Police trailed terror suspects before Nairobi blast
Posted Tuesday, May 29 2012 at 22:30
Police were trailing four terrorism suspects a week before the Monday blast in Nairobi in which 36 people were injured.
Sources in the force told the Nation that detectives, who had been monitoring the movements of the four, were alarmed when they changed sim cards six days to the explosion at Moi Avenue’s Assanand’s House.
This is one of the leads detectives are pursuing in the hunt for those responsible for the attack.
Three of the suspects are said to be based in Nairobi and the other one in Mombasa, where a Muslim lobby group yesterday condemned the attack.
The Kenya National Muslims Advisory Council chairman Sheikh Juma Ngao demanded the resignation of those charged with the protection of Kenyans.
In the Nairobi explosion, police sources said the suspects’ movements were being monitored using their mobile phones.
However, detectives have established that the phones which were being tracked were nowhere near the scene when the explosion went off.
And on Tuesday, American detectives joined the hunt for the suspects. Internal Security assistant minister Orwa Ojode said the government had sought assistance in tracking down the suspects.
Focus on two men
“For Nairobi and parts of the country to be safe, we will need the assistance of the FBI and even the Scotland Yard (from the UK). We are determined to wipe out the terrorists,” he said.
Police said investigations had concluded that the explosion was caused by an improvised explosive device ‘‘planted by criminals’’.
‘‘The investigating team is now working to establish the identity of the perpetrators of this serious crime,’’ spokesman Eric Kiraithe said in a statement adding that they were zeroing in on two men.
One of the suspects, whose photo police circulated, is identified as Emrah Erdogan. He is believed to have entered Kenya through Garissa from Somalia on May 3.
Mr Kiraithe also said tests were being done to establish the materials used in the explosive. However, some sources indicated that a fertiliser bomb could have been the cause of the lunch-time explosion.
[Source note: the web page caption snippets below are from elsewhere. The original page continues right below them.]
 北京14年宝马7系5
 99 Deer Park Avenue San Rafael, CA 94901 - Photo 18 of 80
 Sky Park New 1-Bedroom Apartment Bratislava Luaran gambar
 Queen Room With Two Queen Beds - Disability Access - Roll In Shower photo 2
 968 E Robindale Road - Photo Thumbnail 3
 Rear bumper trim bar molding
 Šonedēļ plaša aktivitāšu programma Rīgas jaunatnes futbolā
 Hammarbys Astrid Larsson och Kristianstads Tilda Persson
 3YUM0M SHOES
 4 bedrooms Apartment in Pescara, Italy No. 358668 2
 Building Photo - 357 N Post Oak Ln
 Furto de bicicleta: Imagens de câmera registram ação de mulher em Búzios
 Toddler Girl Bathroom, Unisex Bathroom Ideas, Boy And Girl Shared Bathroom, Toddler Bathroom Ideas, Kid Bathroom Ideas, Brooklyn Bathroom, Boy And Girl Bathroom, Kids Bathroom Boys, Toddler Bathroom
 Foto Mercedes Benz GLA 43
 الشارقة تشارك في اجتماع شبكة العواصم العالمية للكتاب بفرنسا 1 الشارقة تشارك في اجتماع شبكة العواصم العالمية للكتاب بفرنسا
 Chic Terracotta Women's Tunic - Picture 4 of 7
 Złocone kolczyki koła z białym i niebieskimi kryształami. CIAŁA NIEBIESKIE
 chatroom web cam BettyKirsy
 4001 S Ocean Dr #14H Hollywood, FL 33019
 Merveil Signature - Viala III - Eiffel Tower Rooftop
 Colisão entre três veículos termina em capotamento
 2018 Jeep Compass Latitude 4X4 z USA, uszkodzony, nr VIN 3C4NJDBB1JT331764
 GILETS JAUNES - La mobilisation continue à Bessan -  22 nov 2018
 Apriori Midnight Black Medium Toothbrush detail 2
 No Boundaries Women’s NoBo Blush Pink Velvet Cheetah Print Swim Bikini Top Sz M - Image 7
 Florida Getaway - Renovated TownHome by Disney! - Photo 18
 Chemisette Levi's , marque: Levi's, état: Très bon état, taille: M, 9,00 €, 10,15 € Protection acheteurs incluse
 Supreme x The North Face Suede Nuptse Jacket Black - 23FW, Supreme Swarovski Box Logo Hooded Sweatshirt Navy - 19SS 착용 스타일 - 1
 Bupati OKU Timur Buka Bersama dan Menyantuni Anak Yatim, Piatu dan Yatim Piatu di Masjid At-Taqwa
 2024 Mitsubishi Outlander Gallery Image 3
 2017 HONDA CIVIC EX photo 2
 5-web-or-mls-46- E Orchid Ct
Detectives from the Federal Bureau of Investigations were at the scene collecting samples for tests.
Samples for analysis
They sifted through the debris using special metal detectors. Samples collected were sent to the Government Chemist and the US for analysis.
The development came as fresh details emerged about events leading to the explosion that caused a huge hole in the ground and blew off iron sheets from the roof.